REPUBLIKA.CO.ID, JAKARTA -- Uni Eropa akan mengumumkan pengenaan pajak terhadap perusahaan teknologi global seperti Google, Amazon, dan lainnya bulan ini. Rencana itu bertujuan memaksa para raksasa teknologi tersebut agar membayar pajak lebih tinggi.
Pengamat Perpajakan Yustinus Prastowo pun menilai, inisiatif itu bagus. Meski begitu ada kendala untuk menjalankannya.
"Problem terbesarnya ada di regulasi. Pasalnya Google dan lainnya dianggap tidak melanggar hukum tapi hanya melanggar etika menghindar pajak karena memang secara aturan masih belum ada revisi," ujarnya kepada Republika.co.id, Ahad, (4/4).

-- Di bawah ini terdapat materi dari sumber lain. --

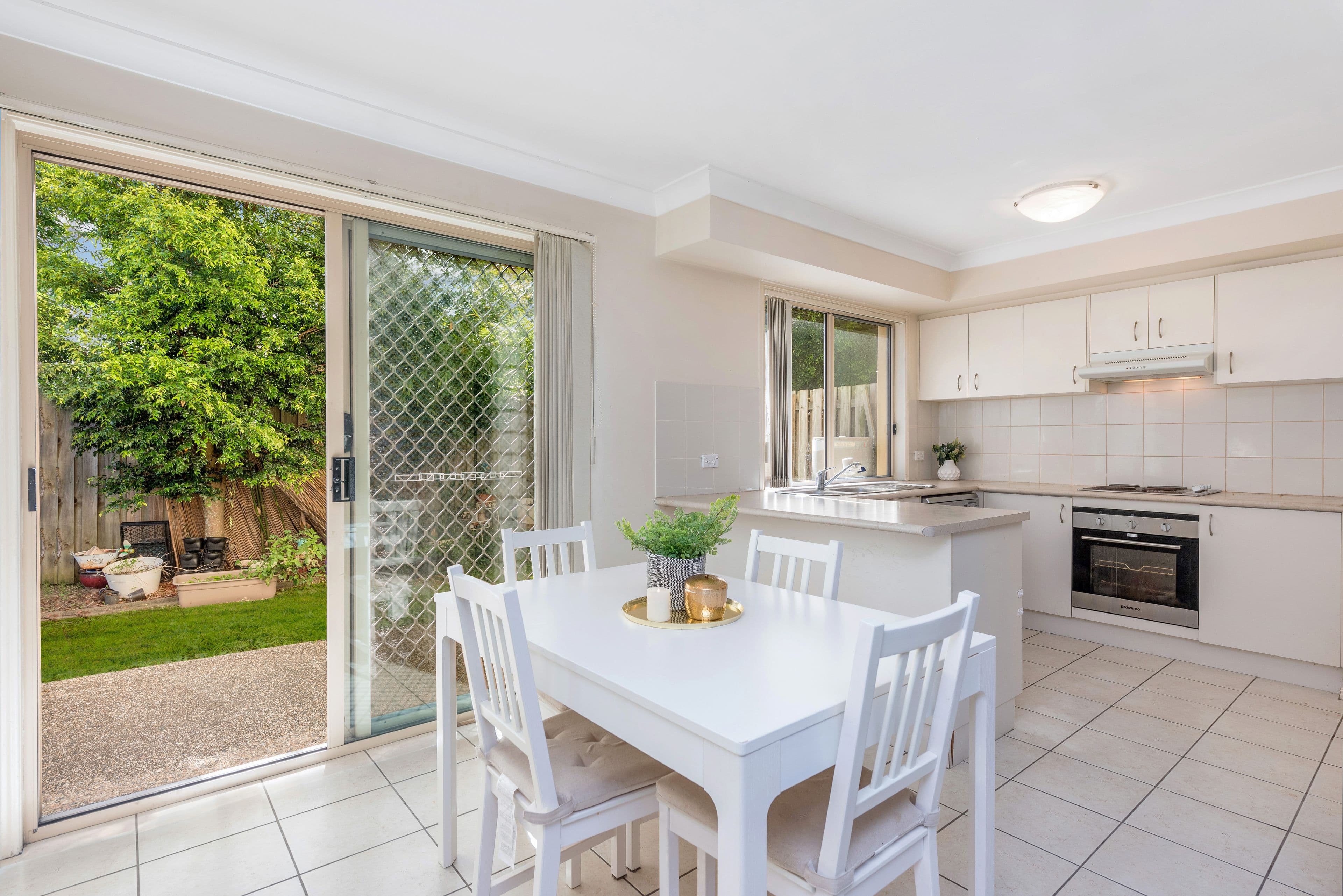 150 Meadowlands Road, Carina QLD 4152, Carina - Thumbnail 4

Ia menambahkan, dalam aturan harus ada konsep Bentuk Usaha Tetap (BUT) permanent establishment yang mensyaratkan physical presence. "Negara sumber dapat memajaki kalau terpenuhi syarat ada BUT. Ini kelemahan kita dan secara internasional," katanya.
Perlu diketahui, rencananya Uni Eropa akan memungut pajak dari para raksasa teknologi tersebut sebesar dua persen sampai enam persen. Hanya saja, kata Yustinus, untuk menilai, apakah tarif pajak itu tepat atau tidak, perlu dilihat dahulu skemanya secara keseluruhan.
Lebih lanjut, kata dia, ke depannya Indonesia juga bisa menerapkan kebijakan serupa. Hanya, perlu menunggu Uni Eropa merampungkan skemanya.
"Kalau Uni Eropa sudah ada model standar, kita bisa ikuti. Meski perlu ada penyesuaian, tapi seharusnya akan lebih mudah," jelas Yustinus. Dengan kata lain, perlu adanya benchmark.
Sebagai informasi, Uni eropa menuduh Google dan lainnya membayar pajak terlalu rendah. Hal itu karena, selama ini mengalihkan keuntungan bisnisnya di Eropa ke berbagai negara dengan tarif pajak lebih rendah seperti Irlandi serta Luksemburg.